I'm trying to show that there is only one group, $\mathbb{Z}/3$ with addition, up to isomorphism. I could "brute-force" the multiplication table, which I think is in effect what I'm doing, though I'm hoping my approach below is a bit more "elegant."
Let $G = \{e,x,y\}$ be a group of order $3$ where $e$ is the identity element. Then $e^{-1} = e$. Then either $x$ and $y$ are inverses for each other or their own inverses. Suppose, for the sake of contradiction, that $x = x^{-1}$ and $y = y^{-1}$, and consider $xy$. As inverses in a group are unique, we know $xy \neq e$, so $xy = x$ or $xy = y$. If $xy = x$, cancelling $x$ gives $y = e$, which is a contradiction. If $xy = y$, then cancelling $y$ gives $x = e$, another contradiction. Therefore, we must have $x = y^{-1}$. Having determined the inverse of each element of $G$, the entire multiplication table is determined.

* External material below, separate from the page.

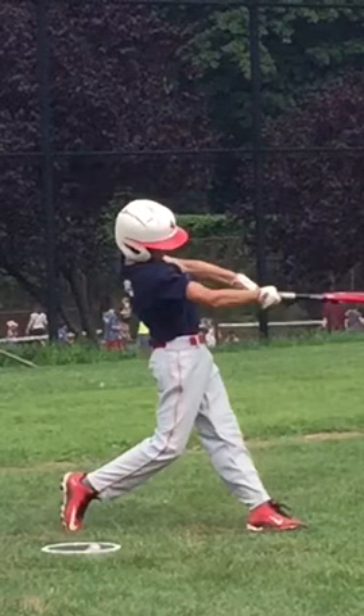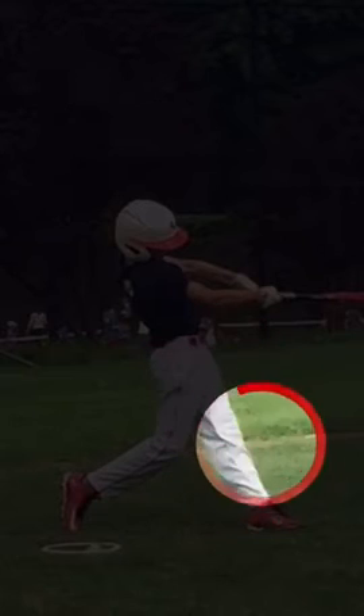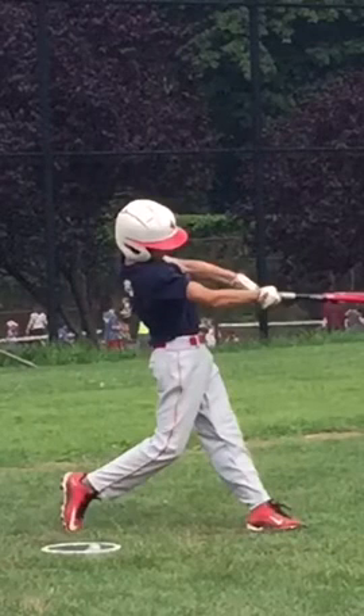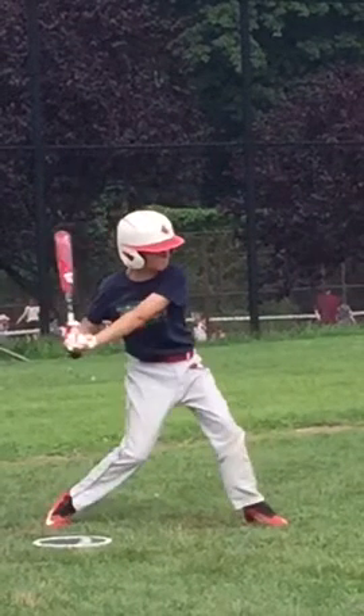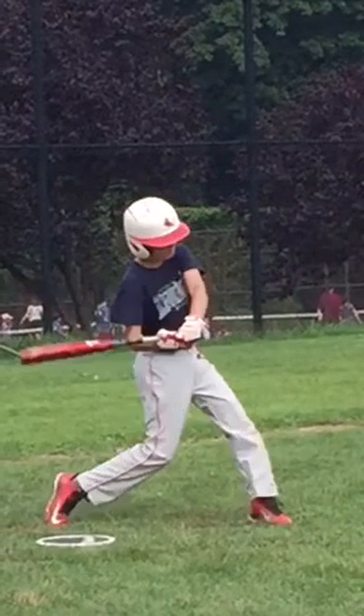Now, you do a good job here on your finish. I really like this rear leg hip turn, and I also like this nice stiff front side that you're hitting off of. But before you get to this position, you're dropping and casting on probably four out of five swings.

I'm not sure, in particular, whether I'm allowed to say that because I've determined the inverses of each element of $G $, I've determined the entire multiplication table. In this particular case, there are so few elements that I could surely fill in the rest of the table, but I don't know if such a strategy works in general. I'm also not completely sure how to write down an explicit isomorphism with $\mathbb{Z}/3$. Surely I would map $e$ to $0$, but I'm not sure if it matters where I send $x$ and $y$, since the remaining two elements of $\mathbb{Z}/3$ have order $3$ and seem to me to be "interchangeable" in this sense.